To treat these areas, pressure is applied directly to the muscle knot for an extended period of time (usually 1-5 minutes), and this is considered to reset the state of the muscle fibers, and during pressure, the surrounding area will be flooded with blood and promote better position of the muscle fibers while relaxing.
The technique is easy to self-manage with the right tools as long as you can stay relaxed throughout the process.
Round cylinder exercises
A massage therapist sometimes uses a foam roller, but this is usually a good option for a one-on-one massage time at home or the gym.
You can buy your roller at an affordable price or find it at your local gym, usually in the mats section.

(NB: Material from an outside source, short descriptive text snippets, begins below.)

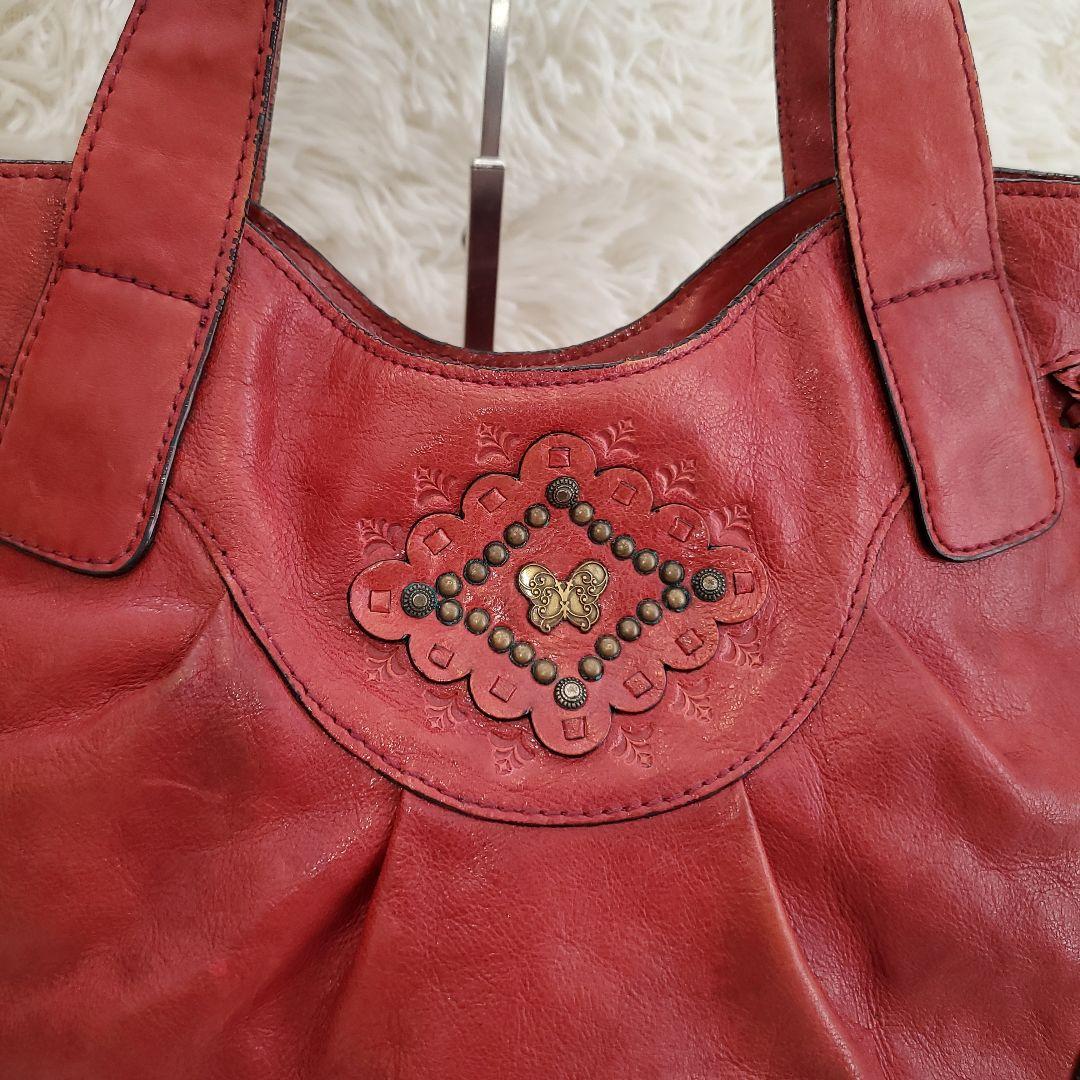 ⭐良品⭐ANNA SUI レザー ショルダーバッグ 赤 バタフライ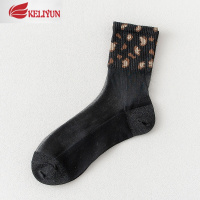 可莉允袜子女豹纹丝袜银葱亮丝潮韩薄款袜棉底百搭中筒袜水晶丝玻璃短袜丝袜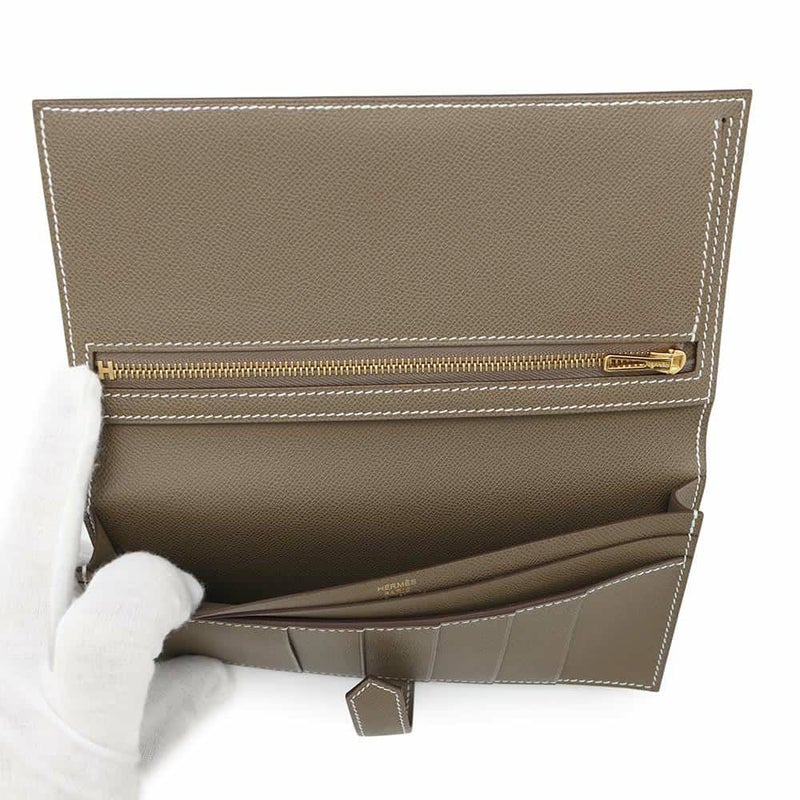 エルメス 長財布 ベアンスフレ エトゥープ/ゴールド金具 ヴォーマダム W刻印 HERMES 財布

Foam cylinders work best for slow rhythmic movement along large muscle groups, primarily the leg muscles and from mid to lower back.
It is also a great tool for breast stretching to address postural issues.
Hot and cold massage
Heat and cold therapy are great options to enhance relaxation and relieve pain. Combine it with massage and you will have a powerful tool to feel better. A massage therapist may try hot stones, keep the room at a certain temperature, or end your session with heat or cold.
Heat is usually tolerated better but cold is a great option for treating new back injuries as it has many benefits for inflammation.
Acupressure is a traditional treatment option that uses tools such as needles, fingers, elbows, and knees to apply pressure to specific areas of the body, and fix needles to them, as in the back in the case of a disc, and when it is used for a herniated disc, the acupressure specialist will focus on relieving pain and tension and enhancing the general sense of well-being by releasing Appropriate ‘energy’ and redirected.